At first, Amazon milk frog tadpoles have external gills and hang on to the side of the aquarium while they absorb the last of the egg yolk in their stomachs. They become free swimming within a day or two. At this point, offer foods like flaked fish food and sinking fish food pellets. In a small, unfiltered aquarium, you should change most of the water volume daily. If a filter is used, the sponge type recommended for fish fry is the perfect choice. Avoid over-agitation of the water, as this can lead to increased risk of gas-bubble disease. Tadpoles with gas-bubble disease will have difficulty staying down and will tend to float. The stress of continually attempting to dive will ultimately lead to the tadpole’s death.
Keep Amazon milk frog tadpoles at lower densities as they grow. They reach metamorphosis in three to five weeks, and young froglets measure about a half an inch at metamorphosis. In order to avoid drowning, remove tadpoles to a sloped aquarium, containing just enough water at one end to cover the tadpoles and a land area at the other end. A 10-gallon aquarium should be perfectly adequate. Of the 100 to 200 tadpoles, not all will metamorphose at a time – perhaps 20 at any given time. Once they have lost 90 percent of their tails, they go straight into the grow-out container, so they don’t spend more than a few days in the sloped aquarium.
As soon as the Amazon milk frog front legs emerge the tadpole ceases to feed until the tail is completely resorbed. The reason for this is that the tadpole’s mouth changes during this time and can’t accept food. At this point they require a terrarium similar in size and decor to the adults.

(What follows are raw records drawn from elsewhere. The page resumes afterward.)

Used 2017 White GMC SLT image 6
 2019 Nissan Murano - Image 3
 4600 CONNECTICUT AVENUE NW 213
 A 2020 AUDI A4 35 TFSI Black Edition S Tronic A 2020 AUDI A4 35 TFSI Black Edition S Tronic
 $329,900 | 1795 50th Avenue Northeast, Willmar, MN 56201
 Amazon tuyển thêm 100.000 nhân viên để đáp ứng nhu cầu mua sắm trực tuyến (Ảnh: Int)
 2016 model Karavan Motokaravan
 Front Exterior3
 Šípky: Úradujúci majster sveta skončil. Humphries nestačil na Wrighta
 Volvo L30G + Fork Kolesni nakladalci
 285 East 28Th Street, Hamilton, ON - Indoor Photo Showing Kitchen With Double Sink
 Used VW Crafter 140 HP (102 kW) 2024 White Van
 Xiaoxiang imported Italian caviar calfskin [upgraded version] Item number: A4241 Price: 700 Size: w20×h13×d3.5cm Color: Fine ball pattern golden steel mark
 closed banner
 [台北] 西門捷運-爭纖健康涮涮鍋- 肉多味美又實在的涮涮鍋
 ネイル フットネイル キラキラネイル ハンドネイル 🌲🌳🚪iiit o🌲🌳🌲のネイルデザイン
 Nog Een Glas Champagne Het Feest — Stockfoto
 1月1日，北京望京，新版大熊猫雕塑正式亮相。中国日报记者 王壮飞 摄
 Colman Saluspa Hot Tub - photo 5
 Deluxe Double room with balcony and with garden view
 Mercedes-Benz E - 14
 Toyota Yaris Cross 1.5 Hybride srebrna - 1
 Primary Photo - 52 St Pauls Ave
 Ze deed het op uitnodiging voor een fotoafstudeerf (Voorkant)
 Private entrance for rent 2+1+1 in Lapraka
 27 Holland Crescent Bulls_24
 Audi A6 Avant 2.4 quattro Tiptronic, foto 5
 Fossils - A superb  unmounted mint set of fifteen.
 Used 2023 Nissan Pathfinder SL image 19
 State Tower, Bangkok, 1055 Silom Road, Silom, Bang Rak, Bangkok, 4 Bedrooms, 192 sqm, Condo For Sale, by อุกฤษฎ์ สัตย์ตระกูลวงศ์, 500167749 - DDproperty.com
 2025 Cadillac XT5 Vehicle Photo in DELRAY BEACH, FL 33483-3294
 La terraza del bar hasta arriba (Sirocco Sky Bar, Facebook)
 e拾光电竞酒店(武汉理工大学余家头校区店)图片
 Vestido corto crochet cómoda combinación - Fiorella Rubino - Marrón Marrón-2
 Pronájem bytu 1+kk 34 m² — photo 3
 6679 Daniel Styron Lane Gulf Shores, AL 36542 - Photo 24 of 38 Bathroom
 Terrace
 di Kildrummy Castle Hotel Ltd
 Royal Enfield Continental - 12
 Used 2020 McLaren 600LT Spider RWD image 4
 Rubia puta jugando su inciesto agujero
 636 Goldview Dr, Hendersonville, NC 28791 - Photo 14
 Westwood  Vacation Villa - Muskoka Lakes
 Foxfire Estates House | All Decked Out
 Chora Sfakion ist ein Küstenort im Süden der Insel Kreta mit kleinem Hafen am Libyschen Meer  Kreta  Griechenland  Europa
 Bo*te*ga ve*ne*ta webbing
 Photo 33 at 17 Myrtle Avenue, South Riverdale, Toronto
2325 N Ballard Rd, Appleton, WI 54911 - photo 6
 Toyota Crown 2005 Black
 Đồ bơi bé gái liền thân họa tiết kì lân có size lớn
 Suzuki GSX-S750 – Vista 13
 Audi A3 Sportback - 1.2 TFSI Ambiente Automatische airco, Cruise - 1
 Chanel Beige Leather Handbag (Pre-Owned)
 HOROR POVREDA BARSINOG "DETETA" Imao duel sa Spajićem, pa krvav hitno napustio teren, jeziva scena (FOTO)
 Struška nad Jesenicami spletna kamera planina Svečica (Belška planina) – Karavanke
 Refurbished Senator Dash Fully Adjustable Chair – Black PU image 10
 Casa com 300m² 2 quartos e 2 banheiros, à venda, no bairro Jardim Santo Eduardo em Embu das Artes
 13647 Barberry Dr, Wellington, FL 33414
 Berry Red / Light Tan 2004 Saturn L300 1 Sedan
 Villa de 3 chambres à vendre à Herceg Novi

After the Amazon milk frog tail has been resorbed, and until they are large enough to accept small crickets, foods should consist of flightless fruit flies dusted with vitamin and mineral supplements. In a large enclosure, where the flies will not always be in the froglets’ reach, I would feed about 20 flies per froglet. As they get older, their appetite will increase and their ability to hunt flies will improve, too.
Amazon milk frogs make rewarding captives for breeders willing to put in the time and effort. A first timer would do well to have 75 percent of their tadpoles reach metamorphosis, but it's quite possible to get more than 90 percent if their needs are being met.